Auditing the things money doesn't measure.

A methodological framework for examining sustainability risk: the four data domains, the analytical traps, the KPIs that aren't on a P&L, and the public datasets that let you reconstruct an entity's environmental performance from outside.

Financial accounting tells you what was earned. Sustainability accounting tells you what was burned, emitted, used, and obligated.

132 kBtu/sf
Median Site EUI for NYC office buildings under LL84
Kontokosta / NYC LL84 dataset
2.8x
Source-to-site energy multiplier for grid electricity (typical)
EPA ENERGY STAR Portfolio Manager
~85%
Share of typical retailer's emissions that sit upstream in Scope 3
CDP / WRI GHG Protocol
$268/ton
Translation rate from a ton of unmodeled CO2 to a regulatory liability under LL97
NYC DOB
On this page
  1. 01The discipline: what a sustainability audit actually is
  2. 02The four data domains
  3. 03Why non-financial data is harder to read
  4. 04KPIs beyond the P&L
  5. 05A worked example: auditing one NYC building
  6. 06The dataset map
  7. 07The analytical disposition

The discipline.

A sustainability audit is the disciplined examination of an entity's environmental performance against three things: its regulatory obligations, its stated commitments, and the trajectory implied by its current operations. It is not the same as a materiality assessment, and the two are routinely confused.

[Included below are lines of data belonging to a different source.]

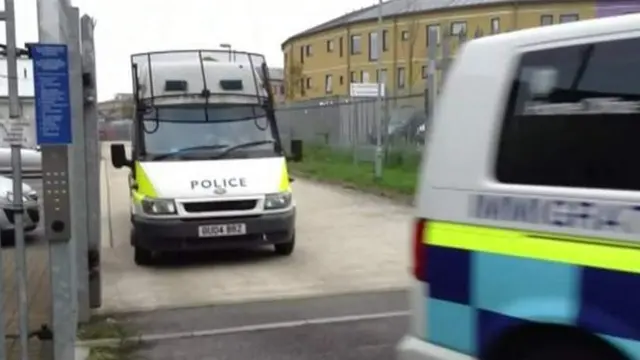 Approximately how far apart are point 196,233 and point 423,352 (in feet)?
20.2

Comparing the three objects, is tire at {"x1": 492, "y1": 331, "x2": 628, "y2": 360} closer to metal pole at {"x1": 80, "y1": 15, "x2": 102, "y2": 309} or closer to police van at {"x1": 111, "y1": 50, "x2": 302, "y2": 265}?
metal pole at {"x1": 80, "y1": 15, "x2": 102, "y2": 309}

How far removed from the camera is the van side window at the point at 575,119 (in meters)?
Result: 3.41

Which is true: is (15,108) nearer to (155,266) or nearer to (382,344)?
(382,344)

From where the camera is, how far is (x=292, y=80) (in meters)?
72.2

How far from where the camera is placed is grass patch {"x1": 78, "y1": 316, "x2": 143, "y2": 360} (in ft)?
21.4

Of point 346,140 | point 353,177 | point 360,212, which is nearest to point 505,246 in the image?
point 360,212

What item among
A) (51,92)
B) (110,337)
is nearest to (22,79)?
(51,92)

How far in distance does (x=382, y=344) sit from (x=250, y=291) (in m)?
2.58

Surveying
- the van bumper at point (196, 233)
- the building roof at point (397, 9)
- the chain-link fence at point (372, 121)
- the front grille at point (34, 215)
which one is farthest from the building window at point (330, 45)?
the van bumper at point (196, 233)

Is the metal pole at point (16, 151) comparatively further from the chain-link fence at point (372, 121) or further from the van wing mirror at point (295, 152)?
the chain-link fence at point (372, 121)

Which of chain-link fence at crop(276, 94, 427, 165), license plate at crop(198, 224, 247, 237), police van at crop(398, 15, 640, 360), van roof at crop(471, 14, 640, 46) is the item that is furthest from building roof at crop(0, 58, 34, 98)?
chain-link fence at crop(276, 94, 427, 165)

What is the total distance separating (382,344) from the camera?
6.60 meters

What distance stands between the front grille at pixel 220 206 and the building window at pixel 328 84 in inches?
2692

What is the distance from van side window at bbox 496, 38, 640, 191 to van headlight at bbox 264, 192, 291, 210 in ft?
21.5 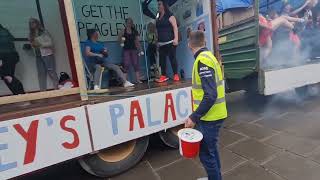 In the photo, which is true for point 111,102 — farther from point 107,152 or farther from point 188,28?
point 188,28

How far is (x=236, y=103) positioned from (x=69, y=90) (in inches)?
217

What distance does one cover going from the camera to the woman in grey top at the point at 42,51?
499 centimetres

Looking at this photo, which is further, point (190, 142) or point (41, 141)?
point (41, 141)

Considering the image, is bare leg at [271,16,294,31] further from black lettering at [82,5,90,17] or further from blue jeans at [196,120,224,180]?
blue jeans at [196,120,224,180]

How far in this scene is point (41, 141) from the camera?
2871mm

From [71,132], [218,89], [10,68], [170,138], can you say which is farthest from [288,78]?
[10,68]

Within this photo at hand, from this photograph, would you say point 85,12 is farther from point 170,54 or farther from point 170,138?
point 170,138

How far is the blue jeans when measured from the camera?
275cm

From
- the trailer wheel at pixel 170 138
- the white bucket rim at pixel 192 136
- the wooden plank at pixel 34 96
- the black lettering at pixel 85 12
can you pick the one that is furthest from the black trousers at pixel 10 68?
the white bucket rim at pixel 192 136

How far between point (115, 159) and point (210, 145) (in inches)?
63.1

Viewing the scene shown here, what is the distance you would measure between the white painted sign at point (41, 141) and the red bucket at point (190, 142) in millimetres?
1242

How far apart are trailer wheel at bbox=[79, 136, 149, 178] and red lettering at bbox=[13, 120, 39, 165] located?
0.75 meters

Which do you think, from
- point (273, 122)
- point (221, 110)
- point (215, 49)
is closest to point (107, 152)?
point (221, 110)

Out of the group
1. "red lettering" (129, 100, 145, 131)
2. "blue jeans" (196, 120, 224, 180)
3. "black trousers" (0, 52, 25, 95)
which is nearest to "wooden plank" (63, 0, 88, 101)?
"red lettering" (129, 100, 145, 131) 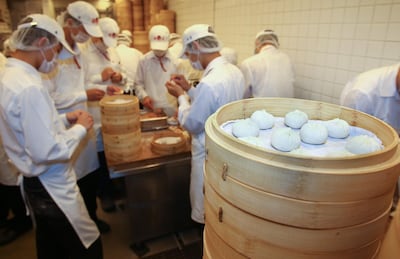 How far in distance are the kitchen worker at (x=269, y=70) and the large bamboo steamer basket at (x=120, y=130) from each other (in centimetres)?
141

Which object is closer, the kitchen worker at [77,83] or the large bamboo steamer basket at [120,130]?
the large bamboo steamer basket at [120,130]

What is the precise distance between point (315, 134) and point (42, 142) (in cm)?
141

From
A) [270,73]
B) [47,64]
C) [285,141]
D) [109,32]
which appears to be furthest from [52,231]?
[270,73]

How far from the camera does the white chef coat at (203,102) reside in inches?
74.1

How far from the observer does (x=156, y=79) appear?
3.37 m

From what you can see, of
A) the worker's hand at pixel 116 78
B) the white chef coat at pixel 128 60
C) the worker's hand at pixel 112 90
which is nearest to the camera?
the worker's hand at pixel 112 90

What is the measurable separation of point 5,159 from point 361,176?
9.47 ft

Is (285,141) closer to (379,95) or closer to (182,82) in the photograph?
(379,95)

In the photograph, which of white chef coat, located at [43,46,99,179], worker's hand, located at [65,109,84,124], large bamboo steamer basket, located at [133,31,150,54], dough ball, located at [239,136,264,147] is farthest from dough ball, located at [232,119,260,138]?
large bamboo steamer basket, located at [133,31,150,54]

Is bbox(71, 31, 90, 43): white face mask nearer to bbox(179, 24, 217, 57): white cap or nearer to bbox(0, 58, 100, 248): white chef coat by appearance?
bbox(0, 58, 100, 248): white chef coat

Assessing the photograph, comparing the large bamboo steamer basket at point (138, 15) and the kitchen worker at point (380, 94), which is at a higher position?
the large bamboo steamer basket at point (138, 15)

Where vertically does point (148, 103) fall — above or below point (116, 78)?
below

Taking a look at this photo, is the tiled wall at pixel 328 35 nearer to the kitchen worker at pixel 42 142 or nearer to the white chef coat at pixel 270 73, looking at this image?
the white chef coat at pixel 270 73

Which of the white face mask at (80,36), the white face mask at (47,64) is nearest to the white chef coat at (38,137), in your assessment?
the white face mask at (47,64) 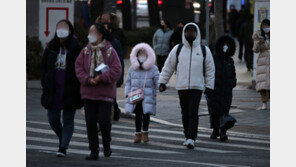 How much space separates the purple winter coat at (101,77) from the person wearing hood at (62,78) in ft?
0.58

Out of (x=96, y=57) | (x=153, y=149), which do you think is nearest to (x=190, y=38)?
(x=153, y=149)

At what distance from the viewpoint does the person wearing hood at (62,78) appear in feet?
28.5

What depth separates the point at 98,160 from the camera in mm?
8672

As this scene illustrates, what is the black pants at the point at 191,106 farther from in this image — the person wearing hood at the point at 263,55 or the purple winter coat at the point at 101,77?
the person wearing hood at the point at 263,55

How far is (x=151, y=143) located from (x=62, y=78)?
104 inches

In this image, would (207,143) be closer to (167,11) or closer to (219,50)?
(219,50)

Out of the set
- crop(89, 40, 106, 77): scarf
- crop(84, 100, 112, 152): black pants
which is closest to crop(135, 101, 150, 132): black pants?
crop(84, 100, 112, 152): black pants

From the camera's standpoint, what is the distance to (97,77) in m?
8.42

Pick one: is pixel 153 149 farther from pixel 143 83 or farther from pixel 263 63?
pixel 263 63

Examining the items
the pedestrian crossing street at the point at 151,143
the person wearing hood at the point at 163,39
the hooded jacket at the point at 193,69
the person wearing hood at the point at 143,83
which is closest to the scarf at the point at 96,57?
the pedestrian crossing street at the point at 151,143

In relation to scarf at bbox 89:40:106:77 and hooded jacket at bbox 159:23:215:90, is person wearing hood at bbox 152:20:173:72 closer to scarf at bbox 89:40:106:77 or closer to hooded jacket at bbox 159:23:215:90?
hooded jacket at bbox 159:23:215:90

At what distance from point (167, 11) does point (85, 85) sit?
1037 inches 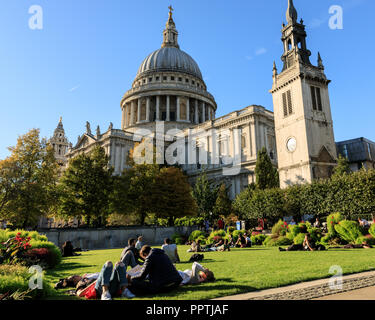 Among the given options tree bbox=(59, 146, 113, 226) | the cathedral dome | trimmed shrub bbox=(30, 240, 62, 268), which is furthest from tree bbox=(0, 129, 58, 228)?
the cathedral dome

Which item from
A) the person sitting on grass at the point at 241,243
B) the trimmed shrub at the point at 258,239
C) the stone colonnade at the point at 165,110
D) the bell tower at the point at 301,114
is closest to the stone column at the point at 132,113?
the stone colonnade at the point at 165,110

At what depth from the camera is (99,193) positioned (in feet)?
110

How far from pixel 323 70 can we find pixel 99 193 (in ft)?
109

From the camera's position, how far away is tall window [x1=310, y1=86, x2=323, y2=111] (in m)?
37.3

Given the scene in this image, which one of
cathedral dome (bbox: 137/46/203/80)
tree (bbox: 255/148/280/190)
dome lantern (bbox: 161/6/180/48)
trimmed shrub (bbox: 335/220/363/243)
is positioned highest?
dome lantern (bbox: 161/6/180/48)

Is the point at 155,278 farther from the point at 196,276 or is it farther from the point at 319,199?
the point at 319,199

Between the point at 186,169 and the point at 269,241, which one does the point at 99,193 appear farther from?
the point at 186,169

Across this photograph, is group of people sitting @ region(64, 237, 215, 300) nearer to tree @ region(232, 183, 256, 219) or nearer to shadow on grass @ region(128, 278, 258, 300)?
shadow on grass @ region(128, 278, 258, 300)

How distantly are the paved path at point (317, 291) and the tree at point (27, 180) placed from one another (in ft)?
86.1

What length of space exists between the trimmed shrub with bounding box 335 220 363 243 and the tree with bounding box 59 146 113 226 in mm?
24768

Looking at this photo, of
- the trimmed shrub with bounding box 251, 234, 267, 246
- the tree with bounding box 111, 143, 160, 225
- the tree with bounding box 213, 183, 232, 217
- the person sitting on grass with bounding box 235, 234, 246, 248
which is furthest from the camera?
the tree with bounding box 213, 183, 232, 217

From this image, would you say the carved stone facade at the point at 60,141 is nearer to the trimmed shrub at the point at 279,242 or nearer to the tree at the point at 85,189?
the tree at the point at 85,189

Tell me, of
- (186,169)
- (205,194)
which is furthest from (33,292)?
(186,169)

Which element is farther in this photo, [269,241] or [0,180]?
[0,180] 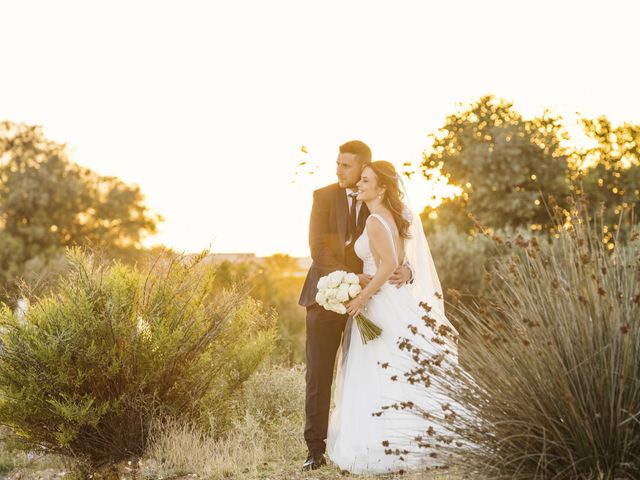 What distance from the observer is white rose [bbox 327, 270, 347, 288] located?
6145mm

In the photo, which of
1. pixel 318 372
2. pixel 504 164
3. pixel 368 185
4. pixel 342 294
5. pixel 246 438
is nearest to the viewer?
pixel 342 294

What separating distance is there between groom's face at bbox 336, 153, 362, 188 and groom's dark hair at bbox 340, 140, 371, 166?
3 centimetres

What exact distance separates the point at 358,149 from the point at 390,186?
407mm

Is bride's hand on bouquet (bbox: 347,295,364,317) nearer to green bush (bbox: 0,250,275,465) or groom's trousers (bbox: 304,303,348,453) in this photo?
groom's trousers (bbox: 304,303,348,453)

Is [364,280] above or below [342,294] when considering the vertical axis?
above

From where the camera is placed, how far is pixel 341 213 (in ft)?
21.8

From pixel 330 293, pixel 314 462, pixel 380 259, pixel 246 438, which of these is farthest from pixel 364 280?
pixel 246 438

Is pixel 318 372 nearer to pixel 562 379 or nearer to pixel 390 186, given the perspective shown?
pixel 390 186

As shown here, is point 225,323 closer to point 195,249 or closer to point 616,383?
point 195,249

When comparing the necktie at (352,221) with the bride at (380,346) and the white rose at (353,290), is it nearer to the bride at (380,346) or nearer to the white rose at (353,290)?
the bride at (380,346)

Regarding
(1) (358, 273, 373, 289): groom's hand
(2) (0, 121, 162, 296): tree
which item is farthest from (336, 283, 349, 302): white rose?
(2) (0, 121, 162, 296): tree

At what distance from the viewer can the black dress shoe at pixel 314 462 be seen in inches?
251

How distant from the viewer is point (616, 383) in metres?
4.12

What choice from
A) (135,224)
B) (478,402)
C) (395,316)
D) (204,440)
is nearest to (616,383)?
(478,402)
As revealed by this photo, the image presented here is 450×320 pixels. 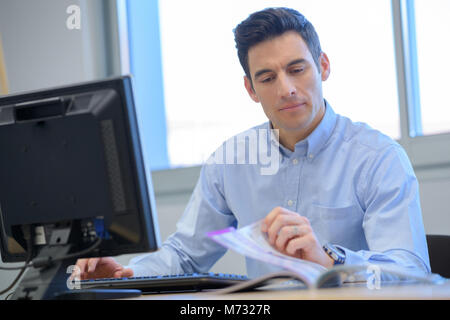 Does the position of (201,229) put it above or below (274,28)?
below

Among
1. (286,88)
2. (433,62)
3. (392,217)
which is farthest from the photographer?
(433,62)

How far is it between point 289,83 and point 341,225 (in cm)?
45

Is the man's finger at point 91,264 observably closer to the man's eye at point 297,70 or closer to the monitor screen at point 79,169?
the monitor screen at point 79,169

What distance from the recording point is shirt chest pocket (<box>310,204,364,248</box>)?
161 centimetres

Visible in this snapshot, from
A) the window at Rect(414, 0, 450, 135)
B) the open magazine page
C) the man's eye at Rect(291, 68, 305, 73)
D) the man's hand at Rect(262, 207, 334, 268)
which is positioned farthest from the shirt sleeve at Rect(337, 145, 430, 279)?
the window at Rect(414, 0, 450, 135)

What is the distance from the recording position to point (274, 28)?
69.7 inches

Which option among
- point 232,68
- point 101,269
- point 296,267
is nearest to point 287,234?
point 296,267

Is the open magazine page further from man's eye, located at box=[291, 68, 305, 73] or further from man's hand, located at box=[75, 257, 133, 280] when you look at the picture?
man's eye, located at box=[291, 68, 305, 73]

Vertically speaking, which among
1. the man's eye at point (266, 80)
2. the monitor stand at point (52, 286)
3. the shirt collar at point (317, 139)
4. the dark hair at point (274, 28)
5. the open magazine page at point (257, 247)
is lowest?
the monitor stand at point (52, 286)

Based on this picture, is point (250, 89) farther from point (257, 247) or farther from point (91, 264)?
point (257, 247)

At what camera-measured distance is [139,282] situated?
1.12 metres

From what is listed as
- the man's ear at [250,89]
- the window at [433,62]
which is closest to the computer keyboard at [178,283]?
the man's ear at [250,89]

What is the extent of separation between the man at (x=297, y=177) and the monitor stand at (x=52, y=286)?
12.8 inches

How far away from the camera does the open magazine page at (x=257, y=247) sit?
0.90 meters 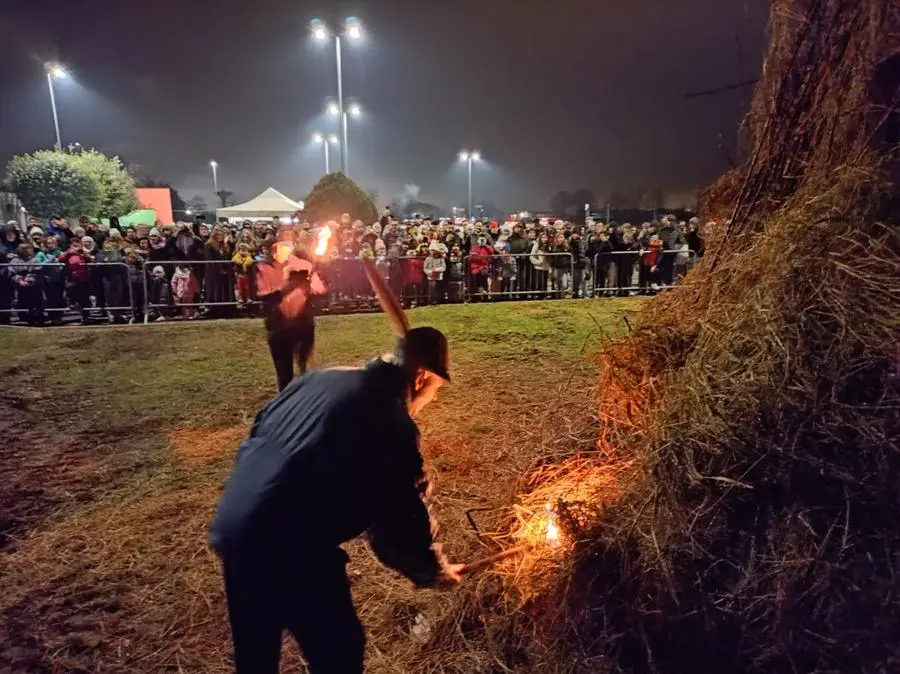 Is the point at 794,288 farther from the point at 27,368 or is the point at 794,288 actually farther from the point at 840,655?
the point at 27,368

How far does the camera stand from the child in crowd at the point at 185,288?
1214 cm

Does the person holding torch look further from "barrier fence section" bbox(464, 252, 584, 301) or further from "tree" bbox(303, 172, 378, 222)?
"tree" bbox(303, 172, 378, 222)

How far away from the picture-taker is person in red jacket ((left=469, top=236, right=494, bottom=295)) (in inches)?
530

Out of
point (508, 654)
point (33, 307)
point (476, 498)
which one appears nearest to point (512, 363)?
point (476, 498)

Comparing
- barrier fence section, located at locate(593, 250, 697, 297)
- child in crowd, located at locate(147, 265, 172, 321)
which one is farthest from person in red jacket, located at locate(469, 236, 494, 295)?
child in crowd, located at locate(147, 265, 172, 321)

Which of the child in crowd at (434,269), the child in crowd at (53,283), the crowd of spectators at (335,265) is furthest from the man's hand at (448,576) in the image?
the child in crowd at (53,283)

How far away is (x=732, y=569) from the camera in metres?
2.64

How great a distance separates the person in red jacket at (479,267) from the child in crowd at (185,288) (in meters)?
5.47

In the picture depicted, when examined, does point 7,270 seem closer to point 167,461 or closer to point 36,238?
point 36,238

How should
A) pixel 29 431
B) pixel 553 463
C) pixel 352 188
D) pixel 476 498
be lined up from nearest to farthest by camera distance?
1. pixel 553 463
2. pixel 476 498
3. pixel 29 431
4. pixel 352 188

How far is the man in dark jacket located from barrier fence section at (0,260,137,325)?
34.8 ft

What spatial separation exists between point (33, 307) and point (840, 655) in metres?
13.0

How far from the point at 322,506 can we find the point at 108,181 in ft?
133

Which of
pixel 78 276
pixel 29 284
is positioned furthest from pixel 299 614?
pixel 29 284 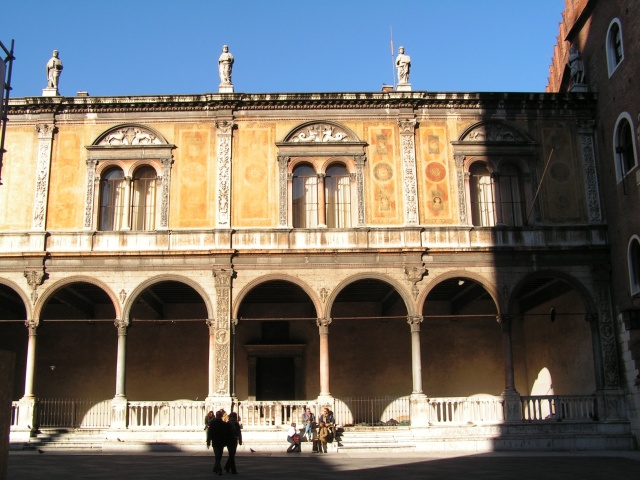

A materiality assessment determines which sustainability topics affect an entity's financial prospects. It is forward-looking, framed in terms of risk to enterprise value, and the output is a list of disclosure topics. The dominant frameworks are SASB Standards, IFRS S1 and S2, and the European Sustainability Reporting Standards.

A sustainability audit, by contrast, is operational. It examines what the entity actually did over a reporting period, against what it should have done, and translates the gap into financial terms. The output is a defensible statement about whether the entity met its obligations, what its forward exposure is, and which of its disclosed numbers can be trusted.

The two pair naturally. Materiality tells the auditor where to look. The audit confirms what is actually there. An auditor who runs the second without first running the first will spend disproportionate time on topics that don't move enterprise value. An analyst who relies only on the first, and never tests the underlying data, is building a thesis on disclosed numbers that may be unverifiable.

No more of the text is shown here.